Pagi hari yang cerah tepatnya hari libur baik untuk para pekerja kantoran maupun untuk para mahasiswi mahasiswa ataupun murid-murid yang lainnya.
"Pagi ini aku akan menyambangi toko oleh-oleh di mana kekasih Wildan ada di sana. Aku ingin memastikan apakah memang benar jika dia itu telah menjadi kekasih Wildan." Batin Tya seraya melangkah menuju ke garasi mobil.
Namun sejenak langkahnya terhenti,oleh suatu teguran dari mamahnya.
"Tya, sepagi ini kamu akan kemana?" tegur Mamah Mia.
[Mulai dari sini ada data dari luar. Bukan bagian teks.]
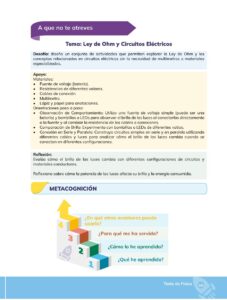 Libro FÍSICA – Bachillerato General – 1 – Primero de Bachillerato – Pág 144 – Resuelto pdf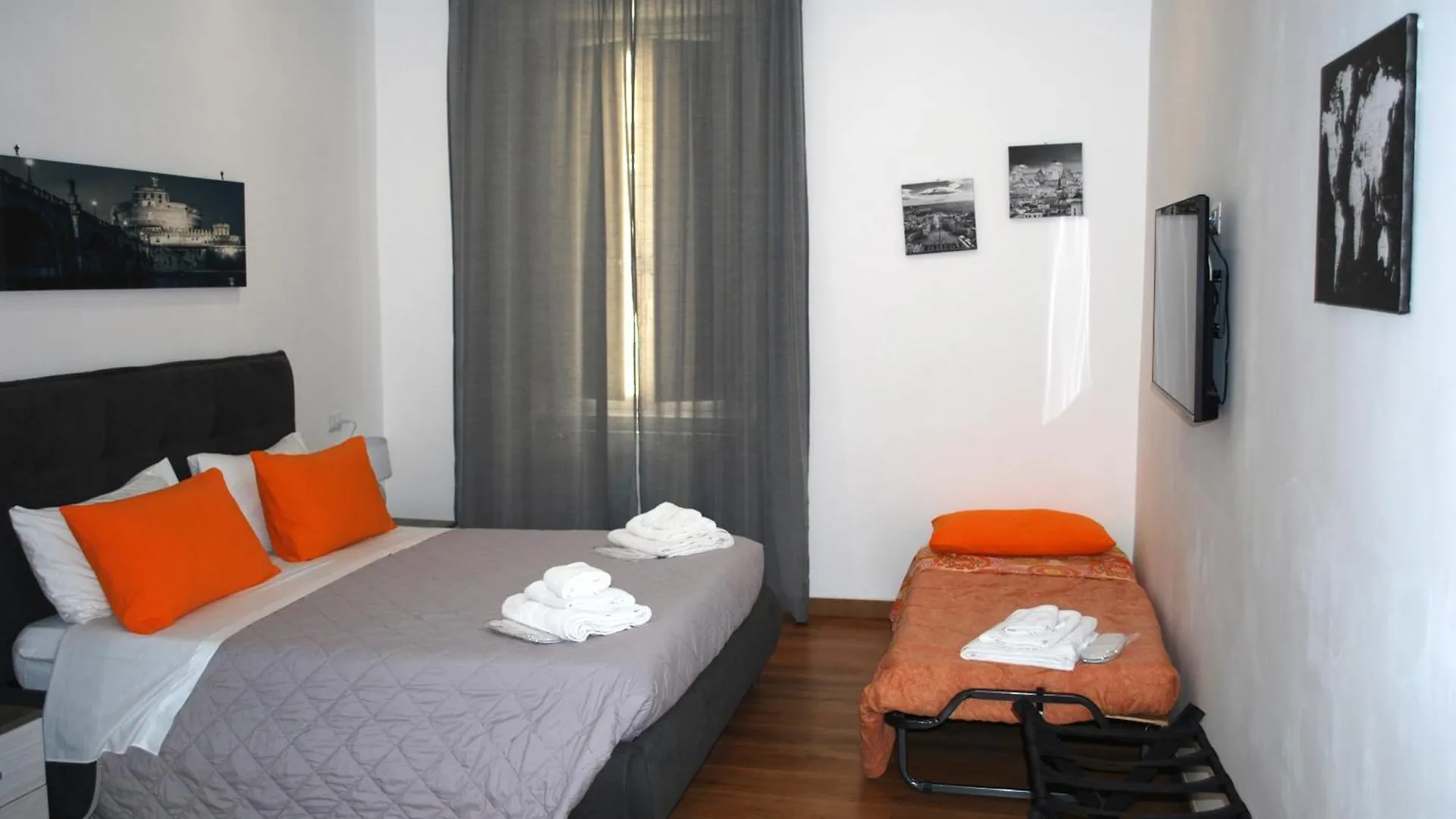 Trastevere Magic House Luxury Suite Rome Italy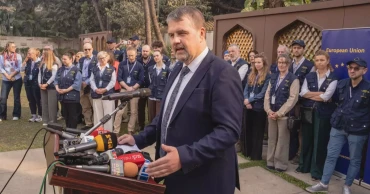 Contributing to transparency of historic elections in Bangladesh: EU Mission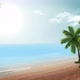 Seaside Background 4K - VideoHive Item for Sale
"Aku ingin menghirup udara segar keluar sejenak mah. Kan ini hari libur biasanya kan banyak sekali di alun-alun atau di gor acara senam aerobik," ucap Tya berbohong.
"Kalau kamu ingin ikut senam aerobik kenapa pakaianmu seperti itu?" Mamah Mia merasa curiga pada saat melihat pakaian yang dipakai Tya.
"Kan aku semalam sudah meletakkan pakaian senam ku di mobil. Masa iya aku baru datang langsung memakai pakaian senam kan sepertinya tidak etis," ucap Tya berbohong kembali.
"Oh ya sudah kalau begitu kamu yang hati-hati di jalan ya. Ingat mengemudinya jangan cepat-cepat, biar lambat asal selamat,' pesan Mamah Mia.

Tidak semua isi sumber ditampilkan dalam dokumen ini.